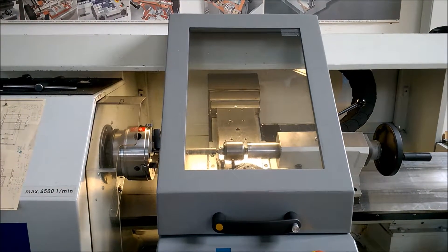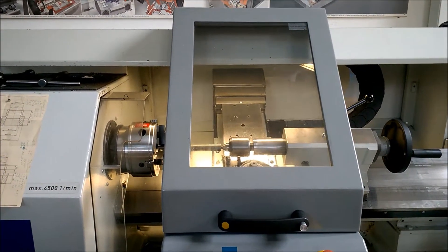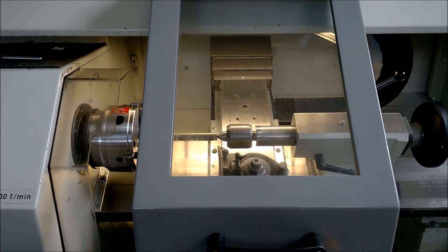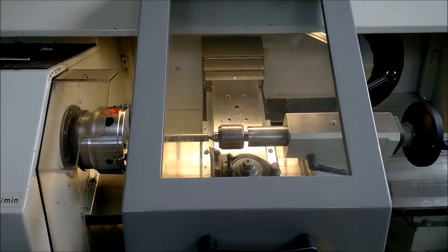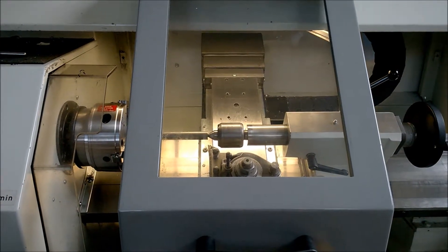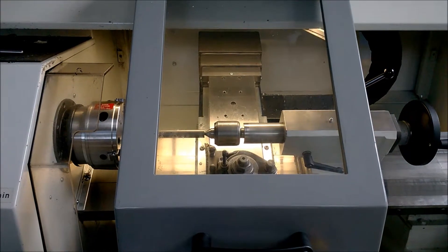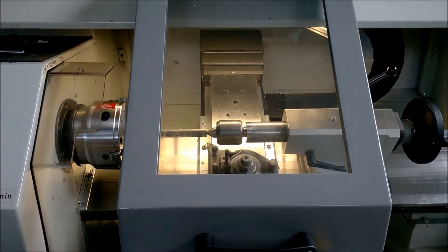Welcome to the brand new series 'One Bloke, One Machine' — absolutely no script. This is my first video I'm doing in English. I planned that for a long time and today I thought I'd give it a try.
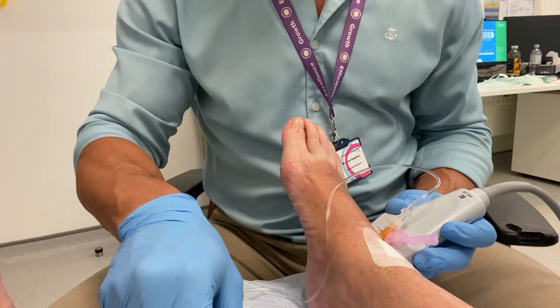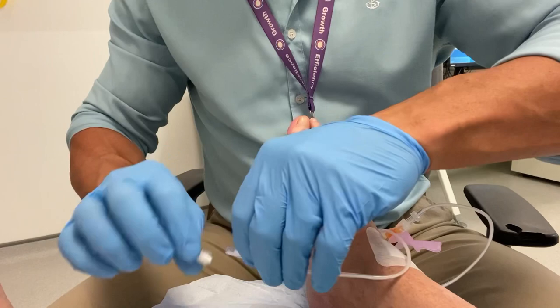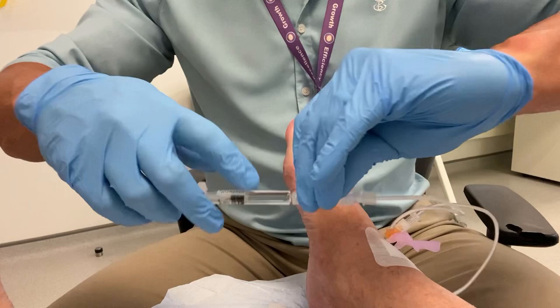Here I'm filling the line with the corticosteroid — in this case I'm using Depimedrone, which tends to be my preference. And this is the Ostenil, or hyaluronic acid, and so we begin to fill the line here.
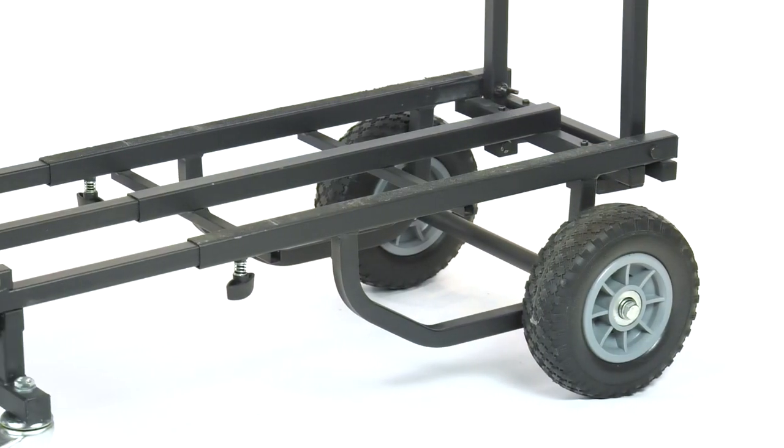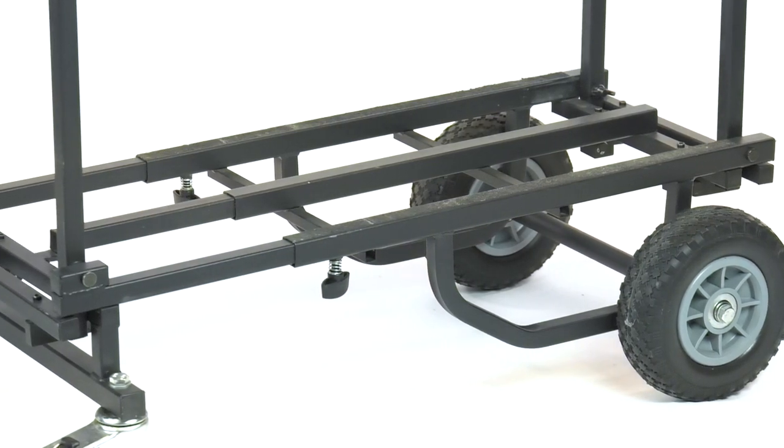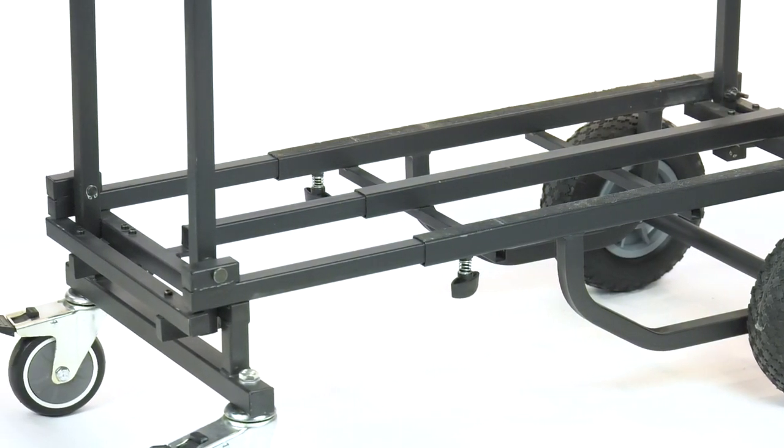The UTC2200 Utility Cart. Save your back and roll into your gig, rehearsal, or studio session with ease.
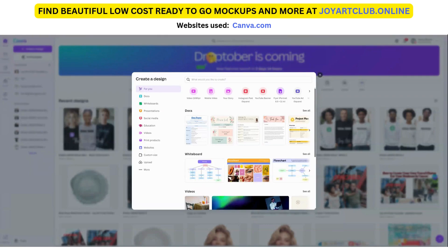What's up my creators? How are you today? It is Saturday, October the 19th. It's a beautiful fall day. And I want to show you today how you can use mock-ups to upload your designs to in Canva.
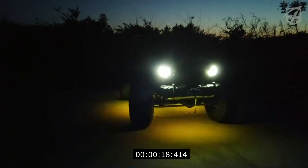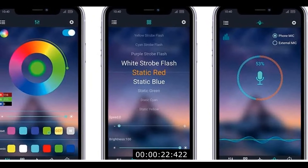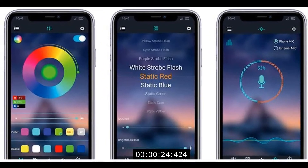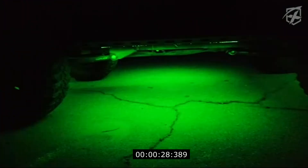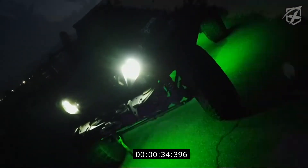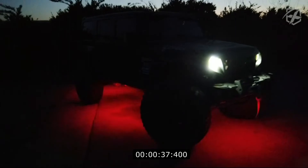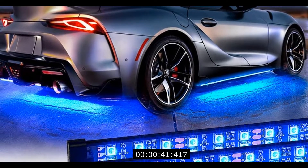New convenient remote control design with eight preset static colors for lighting effects and four sound active modes, along with adjustable speed and brightness, all at the tip of your fingers. Our control box has a built-in high sensitivity mic for sound active modes, easier to operate and turn on/off, and powered with a 12V cigarette plug.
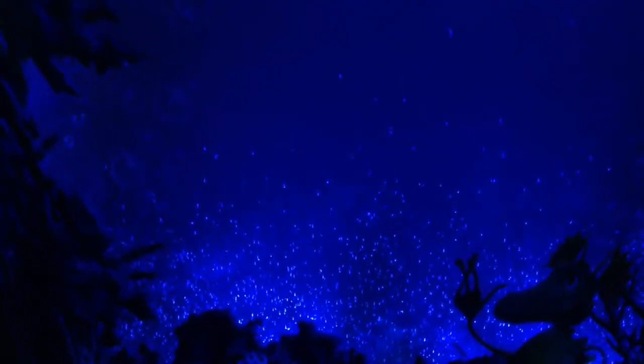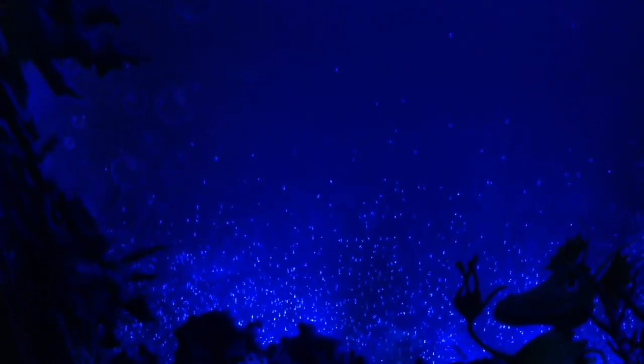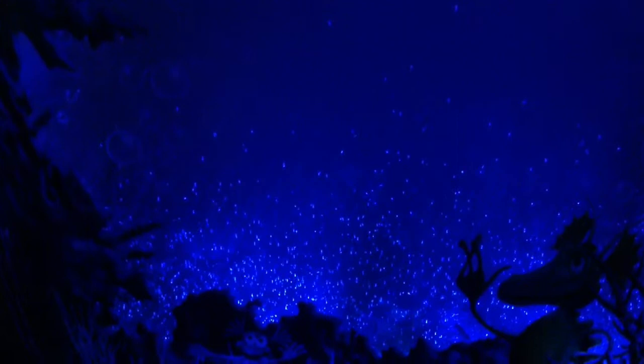This is day 3 of aquadragons and as you can see they are already growing. It says they start hatching instantly but you can only see them with a microscope. Now I can see them because they double their size every few hours.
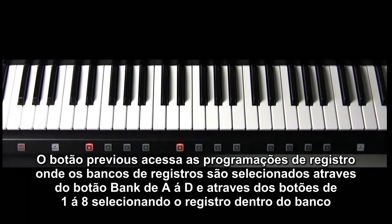The previous and next buttons access the registration sets. The registration banks are selected by the bank buttons A through D, while the numbers 1 through 8 select the registration within the bank.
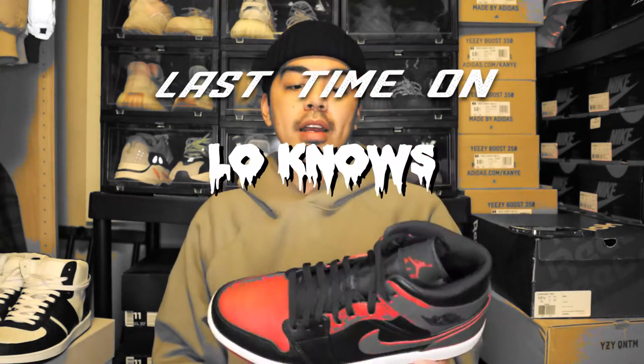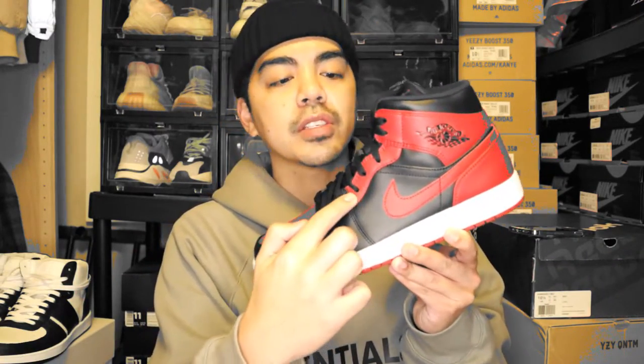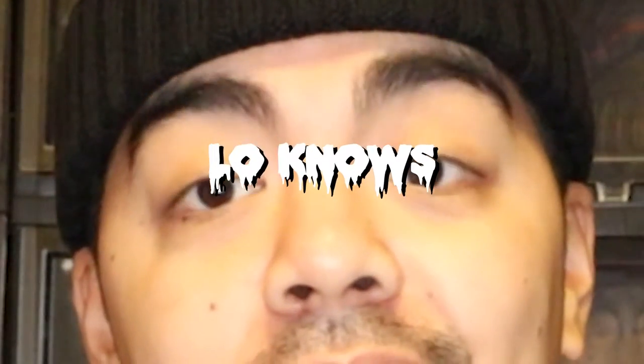Last time on Glow Nose, when I first saw this shoe the first thing I wanted to do was paint that panel. I'll probably do another video on that — just customizing or painting over this part right here. What up everybody, it's your boy Glow Nose and today we're gonna customize those Jordan 1 mids to look like the Bands. Roll that montage!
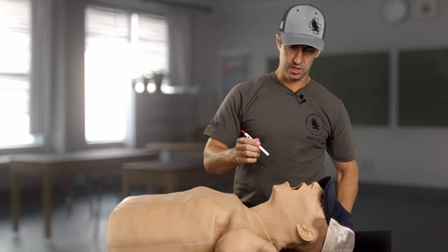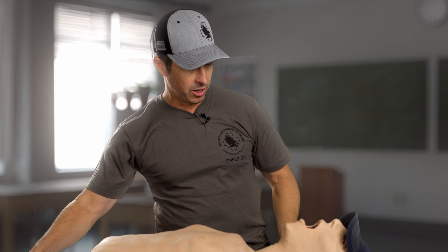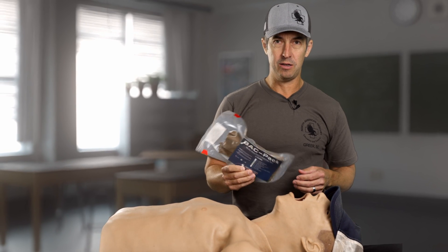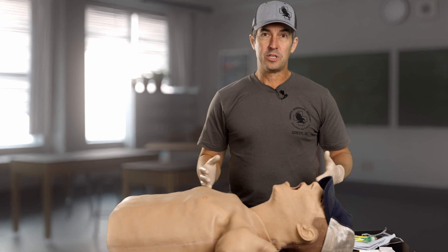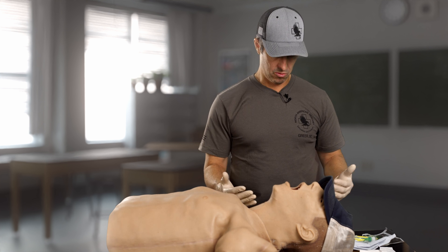How do you do a cricothyroidotomy? Doc Miles here at North American Rescue. First thing — take your ballpoint pen, remove the contents, and make a sharp stabbing motion in the patient's throat. Just kidding — never do that. What we are going to do is use a dedicated cricothyroidotomy kit called the Backpack, a bougie-aided cricothyroidotomy pack from North American Rescue. The first thing I'm going to do is open up the kit contents, get them laid out and tested in the right order.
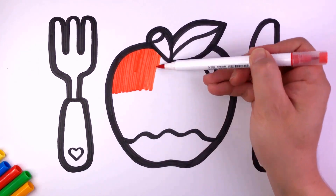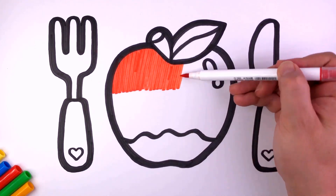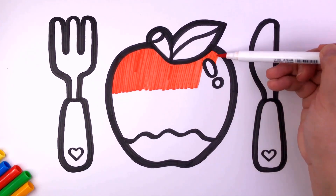wood and clay, wood and clay. Build it up with wood and clay, my fair lady.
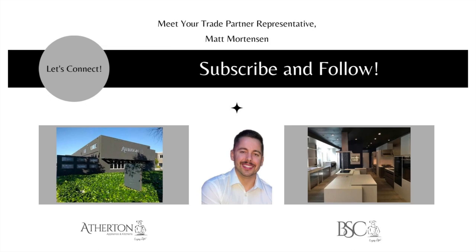Thank you for tuning into my webinar. My name is Matt Mortensen and I'm the Director of Trade and Business Development at Atherton Appliance and Kitchens and BSC Culinary. If you have any questions or comments about any of the topics we touched on today, I'd be happy to address them. My email is matt@athertonappliance.com. You can also visit one of our showrooms, or go to our website and check out our blog or YouTube channel, where we update videos weekly.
* * * * *
** Requirement **
All of the entries above are to be written out exactly, with no pictures.

** Task output **
Welcome to the brand new series 'One Bloke, One Machine' — absolutely no script. This is my first video I'm doing in English. I planned that for a long time and today I thought I'd give it a try.
Here I'm filling the line with the corticosteroid — in this case I'm using Depimedrone, which tends to be my preference. And this is the Ostenil, or hyaluronic acid, and so we begin to fill the line here.
The UTC2200 Utility Cart. Save your back and roll into your gig, rehearsal, or studio session with ease.
What's up my creators? How are you today? It is Saturday, October the 19th. It's a beautiful fall day. And I want to show you today how you can use mock-ups to upload your designs to in Canva.
New convenient remote control design with eight preset static colors for lighting effects and four sound active modes, along with adjustable speed and brightness, all at the tip of your fingers. Our control box has a built-in high sensitivity mic for sound active modes, easier to operate and turn on/off, and powered with a 12V cigarette plug.
This is day 3 of aquadragons and as you can see they are already growing. It says they start hatching instantly but you can only see them with a microscope. Now I can see them because they double their size every few hours.
The previous and next buttons access the registration sets. The registration banks are selected by the bank buttons A through D, while the numbers 1 through 8 select the registration within the bank.
Last time on Glow Nose, when I first saw this shoe the first thing I wanted to do was paint that panel. I'll probably do another video on that — just customizing or painting over this part right here. What up everybody, it's your boy Glow Nose and today we're gonna customize those Jordan 1 mids to look like the Bands. Roll that montage!
How do you do a cricothyroidotomy? Doc Miles here at North American Rescue. First thing — take your ballpoint pen, remove the contents, and make a sharp stabbing motion in the patient's throat. Just kidding — never do that. What we are going to do is use a dedicated cricothyroidotomy kit called the Backpack, a bougie-aided cricothyroidotomy pack from North American Rescue. The first thing I'm going to do is open up the kit contents, get them laid out and tested in the right order.
wood and clay, wood and clay. Build it up with wood and clay, my fair lady.
Thank you for tuning into my webinar. My name is Matt Mortensen and I'm the Director of Trade and Business Development at Atherton Appliance and Kitchens and BSC Culinary. If you have any questions or comments about any of the topics we touched on today, I'd be happy to address them. My email is matt@athertonappliance.com. You can also visit one of our showrooms, or go to our website and check out our blog or YouTube channel, where we update videos weekly.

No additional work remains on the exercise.